Nuclear targeting of A. baumannii transposase specifically induces DNA methylation in CpG regions and down-regulates expression of E-cadherin gene.

(A) A549 cells were transfected with A. baumannii transposase clones and incubated for 48 h. The genomic DNA was purified and methylation-specific PCR with methylated and unmethylated primers was performed as described in materials and methods. Lane 1, molecular size marker; 2, unmethylated DNA; 3, methylated DNA; 4, A549 cells; 5, A549 cells transfected with the destination vector pcDNA™6.2/N-EmGFP-DEST; 6, A549 cells transfected with plasmid constructs of Tnp1–37; 7, A549 cells transfected with plasmid constructs of Tnp1–224; 8, A549 cells transfected with plasmid constructs of Tnp1–230; 9, A549 cells transfected with plasmid constructs of Tnp1–362. (B) A549 cells were transfected with A. baumannii transposase clones and incubated for 48 h. Total RNA was extracted and qRT-PCR was performed as described in materials and methods. Data are presented as mean ± SD of triplicate determinations. Asterisks indicate a statistically significant difference between A549 cells transfected with the empty destination vector and plasmid constructs of A. baumannii transposase fused with GFP (student's t-test p<0.05).

Discussion

Bacterial proteins that target the nucleus of host cells play a crucial role in bacterial pathogenesis. In this study, we demonstrated that A. baumannii Tnp is a new bacterial effector that induces DNA methylation of CpG regions in the promoters of E-cadherin gene via nuclear targeting. A. baumannii Tnp does not only catalyze ‘cut-and-paste’ reactions, which promotes the movement of DNA segments to new sites, but also induces epigenetic modification of host genes. This is the first study to report that the A. baumannii protein directly induces epigenetic alteration via nuclear targeting.

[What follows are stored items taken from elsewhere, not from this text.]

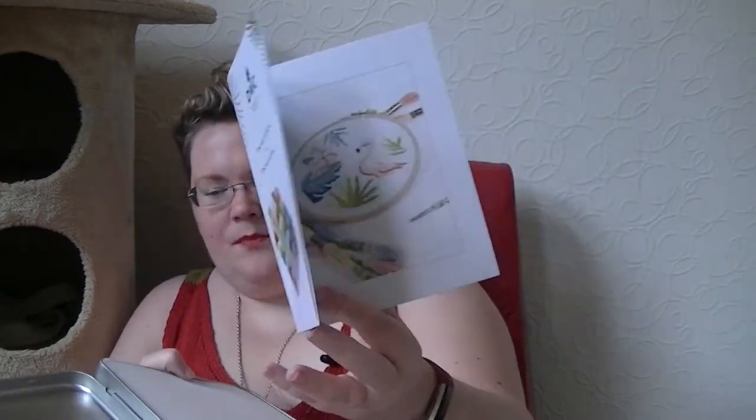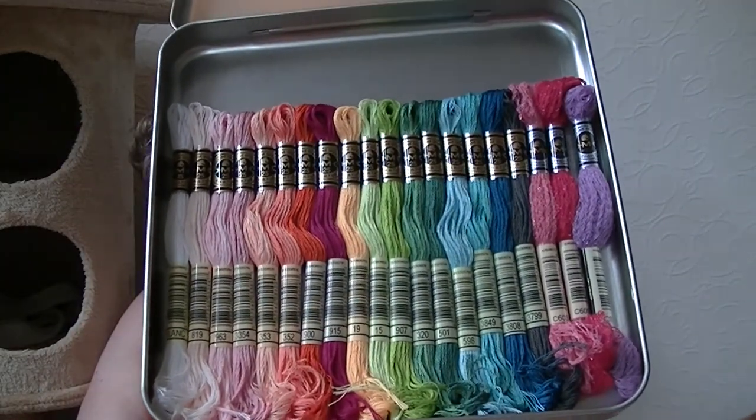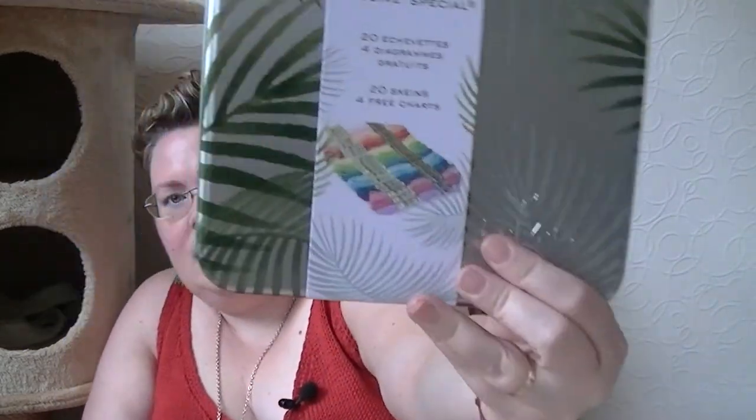There is more embroidery floss: the DMC Mouliné Special, a limited edition in the column box. There's a leaflet with patterns for cute little embroideries, and a bit of foam keeping everything in a gorgeous rainbow of summery colors. There are also three different ones with sparkle — the DMC Mouliné Étoile. So 20 skeins, 4 free charts.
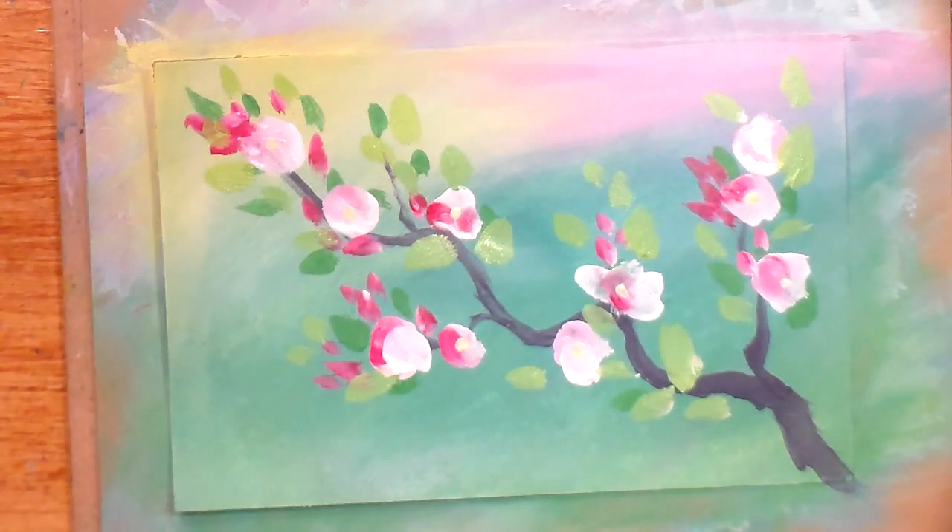And that's it — that's your cherry blossom branch. Don't forget to sign it and varnish it if you feel it needs it, and that's your piece of artwork. I hope this was helpful and not too confusing. In my next video for flowers I'm going to do maybe watercolor or an acrylic iris — I'm not sure what's going to happen. Let me know what you think and what you want me to do.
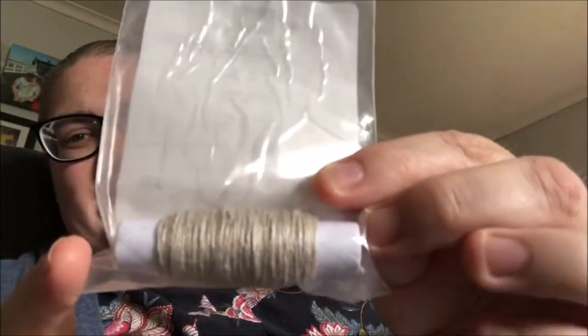Oh yes — I also bought some linen thread. Lucky I checked because it must have fallen down the bottom of the box. But yes, now I have everything.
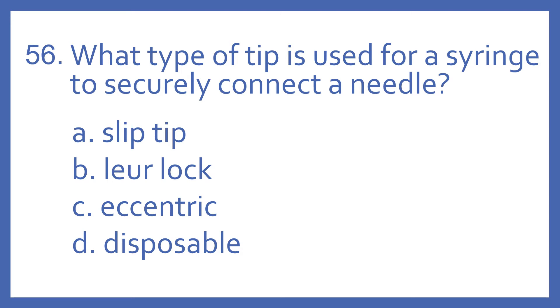Number 56. What type of tip is used for a syringe to securely connect a needle? A. Slip tip. B. Luer lock. C. Eccentric. Or D. Disposable.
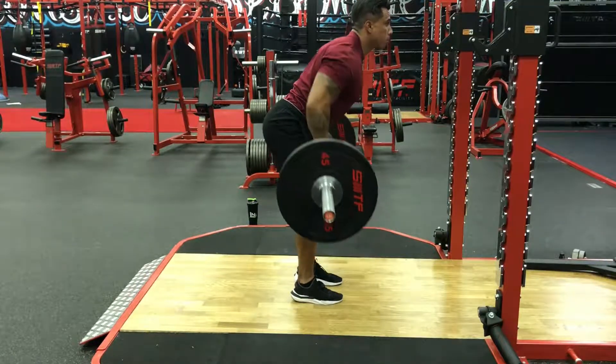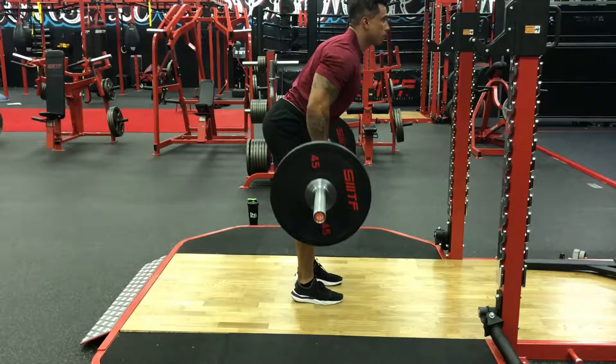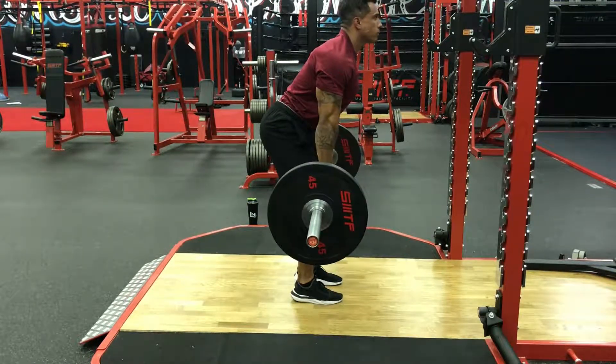This video demonstrates how to perform a bent over barbell row. Notice that I keep my legs and knees slightly bent and relaxed.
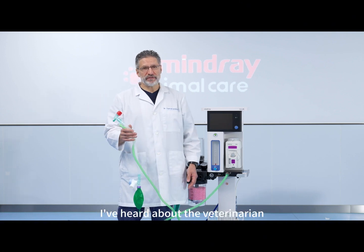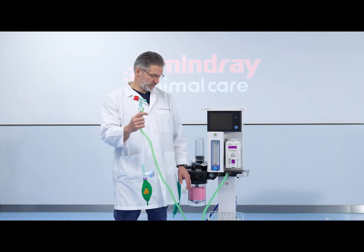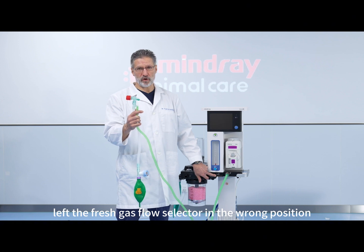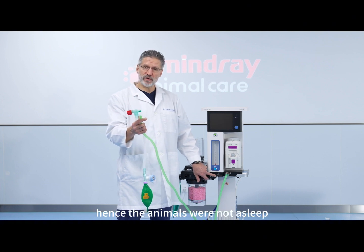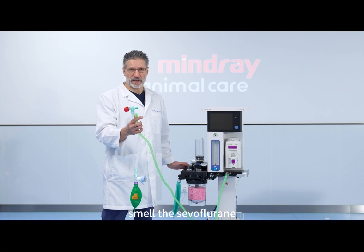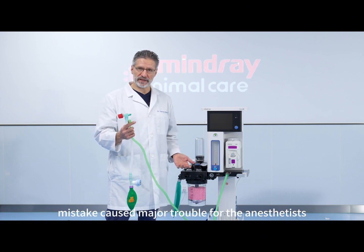I've heard about a veterinarian who was anesthetizing parrots via a non-rebreathing system and left the fresh gas flow selector in the wrong position. Hence the animals were not going to sleep and everybody in the room could smell the sevoflurane. So this seemingly small mistake caused major trouble for the anesthetist.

Whole genome analysis of bacteria is a highly useful tool to predict nuclear targeting proteins based on NLSs. We identified 34 proteins with the putative NLSs among the 3,367 ORFs of A. baumannii ATCC 17978 [31]. Of the A. baumannii proteins predicted to carry the putative NLSs, 14 were found to target in the nuclei of host cells. Among the nuclear targeting proteins identified, we selected A. baumannii Tnp to determine the DNA methylation of CpG regions in the promoters of genes because several bacterial transposons encoded their own DNA modifying enzymes to regulate gene expression [40]. Aberrant DNA methylation of CpG regions in the promoters of host genes allows a pathogen to inhibit or down-regulate transcription of specific genes, which may alter host cell biology. DNA methylation in CpG regions of host genes by bacterial infection has been demonstrated in several previous studies [26], [29], [30]. Bacterial infection and inflammatory mediators released from host cells have been found to trigger CpG methylation in the promoters of eukaryotic genes [41]. However, specific bacterial molecules that induce DNA methylation in promoters of host genes have not yet been identified.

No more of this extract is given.